DR allowing for vehicle tracking inside tunnels (Source: ANTZER TECH)
This is how the use of AI devices can help the operator keep track of where vehicles are, even when hidden from the gaze of satellites. Picture this scenario: An accident with one of the vehicles happens inside a tunnel. With just a basic GPS, the operator will not know that an accident has taken place before they are contacted in some way. With an AI solution, on the other hand, the operator will be notified straight away that something is wrong as the vehicle is no longer moving, the engine has been suddenly turned off, etc.
Storage and memory: back to basics
A lot of the talk around the AIoT focuses on bringing the AI to the place where data is gathered. In other words, we need devices that can run these programs out on the road, up in the sky, inside a factory, or on an offshore platform. What these locations have in common are environments that are typically not too favorable to electronic equipment.

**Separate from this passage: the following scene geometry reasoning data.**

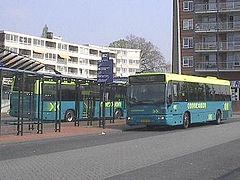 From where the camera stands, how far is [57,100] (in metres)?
26.3

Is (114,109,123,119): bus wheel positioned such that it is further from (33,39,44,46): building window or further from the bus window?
(33,39,44,46): building window

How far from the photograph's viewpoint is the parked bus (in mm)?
24156

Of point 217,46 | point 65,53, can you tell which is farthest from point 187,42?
point 65,53

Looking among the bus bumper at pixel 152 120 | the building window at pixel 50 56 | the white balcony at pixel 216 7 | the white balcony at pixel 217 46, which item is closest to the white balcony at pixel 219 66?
the white balcony at pixel 217 46

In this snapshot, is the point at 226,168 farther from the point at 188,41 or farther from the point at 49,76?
the point at 188,41

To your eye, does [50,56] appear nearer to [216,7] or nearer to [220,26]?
[216,7]

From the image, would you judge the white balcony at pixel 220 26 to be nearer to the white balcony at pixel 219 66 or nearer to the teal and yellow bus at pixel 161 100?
the white balcony at pixel 219 66

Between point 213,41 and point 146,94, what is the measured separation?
47666 mm

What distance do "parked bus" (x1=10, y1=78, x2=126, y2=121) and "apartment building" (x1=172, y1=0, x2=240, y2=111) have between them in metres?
35.5

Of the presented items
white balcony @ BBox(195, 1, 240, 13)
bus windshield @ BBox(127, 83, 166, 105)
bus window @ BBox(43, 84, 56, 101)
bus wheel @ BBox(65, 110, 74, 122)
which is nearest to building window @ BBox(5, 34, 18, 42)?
white balcony @ BBox(195, 1, 240, 13)

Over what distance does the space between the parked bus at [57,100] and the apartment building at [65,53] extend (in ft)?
225

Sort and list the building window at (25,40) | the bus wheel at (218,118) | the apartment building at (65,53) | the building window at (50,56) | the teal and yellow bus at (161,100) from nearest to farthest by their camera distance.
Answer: the teal and yellow bus at (161,100)
the bus wheel at (218,118)
the apartment building at (65,53)
the building window at (25,40)
the building window at (50,56)

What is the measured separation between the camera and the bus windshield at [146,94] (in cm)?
2592

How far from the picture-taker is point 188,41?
74438 mm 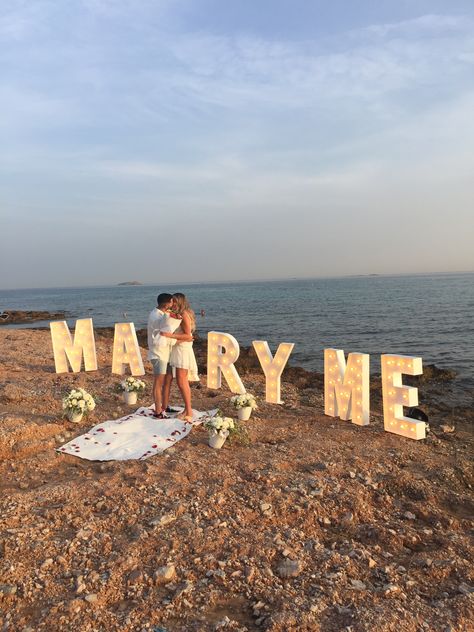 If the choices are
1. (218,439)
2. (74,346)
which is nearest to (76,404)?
(218,439)

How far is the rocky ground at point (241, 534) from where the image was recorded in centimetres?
385

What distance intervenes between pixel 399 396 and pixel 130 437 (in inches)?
203

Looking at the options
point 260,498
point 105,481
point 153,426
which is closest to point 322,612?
point 260,498

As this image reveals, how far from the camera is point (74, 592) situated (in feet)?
13.3

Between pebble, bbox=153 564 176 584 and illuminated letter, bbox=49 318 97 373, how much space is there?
10012 mm

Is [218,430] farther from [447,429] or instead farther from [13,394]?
[447,429]

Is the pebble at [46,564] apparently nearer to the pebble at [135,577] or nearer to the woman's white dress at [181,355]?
the pebble at [135,577]

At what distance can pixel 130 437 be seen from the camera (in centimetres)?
807

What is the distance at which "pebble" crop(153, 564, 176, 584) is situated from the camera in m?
4.23

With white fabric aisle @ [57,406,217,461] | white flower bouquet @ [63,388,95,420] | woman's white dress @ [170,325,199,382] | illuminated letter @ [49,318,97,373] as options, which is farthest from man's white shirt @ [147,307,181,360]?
illuminated letter @ [49,318,97,373]

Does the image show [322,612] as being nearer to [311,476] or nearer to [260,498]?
[260,498]

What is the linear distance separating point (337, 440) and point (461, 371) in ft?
40.0

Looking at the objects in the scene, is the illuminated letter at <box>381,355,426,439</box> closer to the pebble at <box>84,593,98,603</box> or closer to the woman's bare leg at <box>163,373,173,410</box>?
the woman's bare leg at <box>163,373,173,410</box>

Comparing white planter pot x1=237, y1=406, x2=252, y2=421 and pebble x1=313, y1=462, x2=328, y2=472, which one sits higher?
white planter pot x1=237, y1=406, x2=252, y2=421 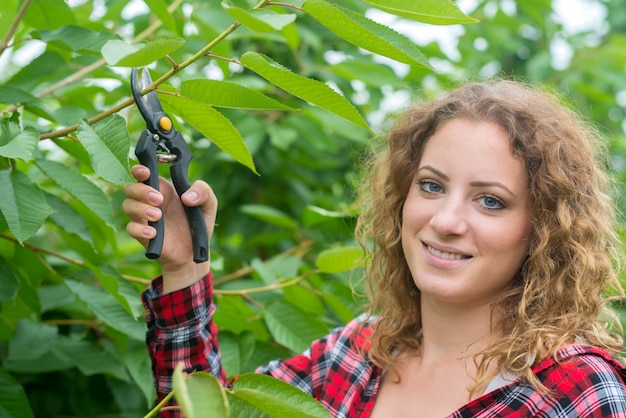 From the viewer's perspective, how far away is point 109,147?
43.9 inches

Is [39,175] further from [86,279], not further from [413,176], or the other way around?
[413,176]

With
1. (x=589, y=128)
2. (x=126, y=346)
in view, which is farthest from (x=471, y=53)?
(x=126, y=346)

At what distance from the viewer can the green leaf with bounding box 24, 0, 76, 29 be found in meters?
1.53

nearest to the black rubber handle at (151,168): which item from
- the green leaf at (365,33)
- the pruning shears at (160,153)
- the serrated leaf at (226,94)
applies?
the pruning shears at (160,153)

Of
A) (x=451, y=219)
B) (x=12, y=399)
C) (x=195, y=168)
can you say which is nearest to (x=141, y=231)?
(x=12, y=399)

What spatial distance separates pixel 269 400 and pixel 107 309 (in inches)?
26.6

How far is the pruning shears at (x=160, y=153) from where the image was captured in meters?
1.22

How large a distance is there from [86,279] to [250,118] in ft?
3.03

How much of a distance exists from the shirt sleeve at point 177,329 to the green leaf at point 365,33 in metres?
0.64

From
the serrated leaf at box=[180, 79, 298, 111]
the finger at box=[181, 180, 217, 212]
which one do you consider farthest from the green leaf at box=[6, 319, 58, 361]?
the serrated leaf at box=[180, 79, 298, 111]

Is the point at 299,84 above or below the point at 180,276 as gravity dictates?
above

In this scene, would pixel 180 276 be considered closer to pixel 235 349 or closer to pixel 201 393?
pixel 235 349

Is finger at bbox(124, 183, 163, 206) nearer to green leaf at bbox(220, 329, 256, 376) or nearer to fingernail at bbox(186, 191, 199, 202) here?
fingernail at bbox(186, 191, 199, 202)

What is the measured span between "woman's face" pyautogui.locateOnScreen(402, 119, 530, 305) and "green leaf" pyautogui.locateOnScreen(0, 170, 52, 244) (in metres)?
0.62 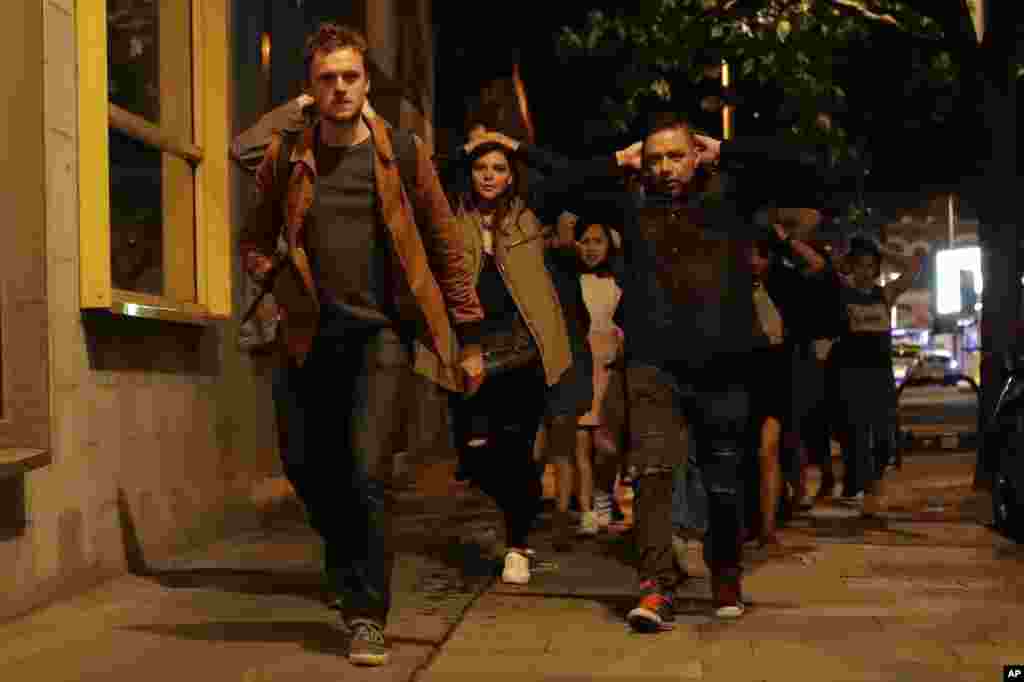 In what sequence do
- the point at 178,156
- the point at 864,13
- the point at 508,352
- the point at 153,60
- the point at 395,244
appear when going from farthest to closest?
the point at 864,13
the point at 178,156
the point at 153,60
the point at 508,352
the point at 395,244

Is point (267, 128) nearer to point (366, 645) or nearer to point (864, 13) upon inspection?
point (366, 645)

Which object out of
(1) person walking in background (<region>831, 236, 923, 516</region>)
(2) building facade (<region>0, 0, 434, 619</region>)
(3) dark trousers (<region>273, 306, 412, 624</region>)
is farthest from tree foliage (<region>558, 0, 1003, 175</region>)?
(3) dark trousers (<region>273, 306, 412, 624</region>)

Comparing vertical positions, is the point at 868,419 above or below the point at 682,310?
below

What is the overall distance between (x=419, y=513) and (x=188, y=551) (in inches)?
110

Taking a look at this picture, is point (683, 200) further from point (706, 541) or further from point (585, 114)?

This is why it is wrong to think of AI and IoT as a magic box that you buy and install wherever you need it. It should be seen as a system made up of many smaller components that, together, enable the AI to do its work and for data to reach its user without too much delay.
Industrial-grade memory and storage (Source: Innodisk)
Storage and memory components and devices have to be present at every point where data is processed and transferred. As these processes are not usually the most taxing on the system, it is more important that the components are robust and built to last.
Conclusion
There is still a lot of hype around the AIoT, so the important thing when evaluating this technology is being able to separate what is currently feasible from what still lies in the future.
However, if you are able to see the past the buzzwords, there are nuggets of value already available that can enhance our personal lives and businesses.